Failure to Maintain Controlled Substance Accountability Resulting in Missing Narcotics
Penalty
Summary
The facility failed to maintain proper control and accountability of controlled substances, specifically Morphine, for two residents. According to the facility's policy, staff were required to keep accurate declining inventory records, reconcile counts at each shift change, and immediately report and investigate any discrepancies.

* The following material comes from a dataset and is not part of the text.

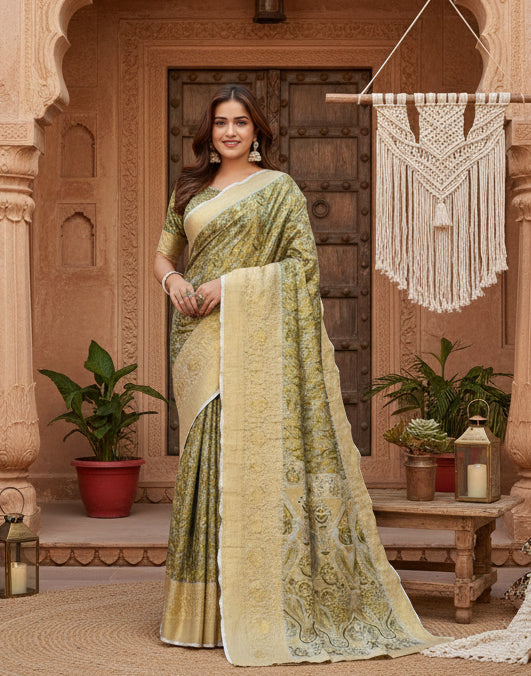 Women's jacquard saree with unstitched blouse 5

However, a discrepancy was discovered when a total of 7 milliliters of Morphine was found missing from the personal supplies of two residents. The missing amounts included 3 milliliters from one resident and 4 milliliters from another, with one of the bottles having a tampered seal and never having been used by the resident. One resident involved had diagnoses including congestive heart failure, dilated cardiomyopathy, and COPD, and was cognitively intact at the time of the incident. This resident reported using Morphine primarily for shortness of breath and was unaware of any missing doses. The other resident had a history of pneumonia and chronic respiratory failure with hypoxia and was severely cognitively impaired. This resident no longer had an active order for Morphine at the time of the incident. The events leading to the deficiency included a report that an LPN was suspected of working while impaired. When asked to participate in a narcotics count, the LPN handed over their keys and left the facility. An immediate recount by the DON and other nurses revealed the discrepancies in the Morphine counts. The incident was reported to the police, and it was noted that the Morphine bottles had been tampered with and secured to prevent further access.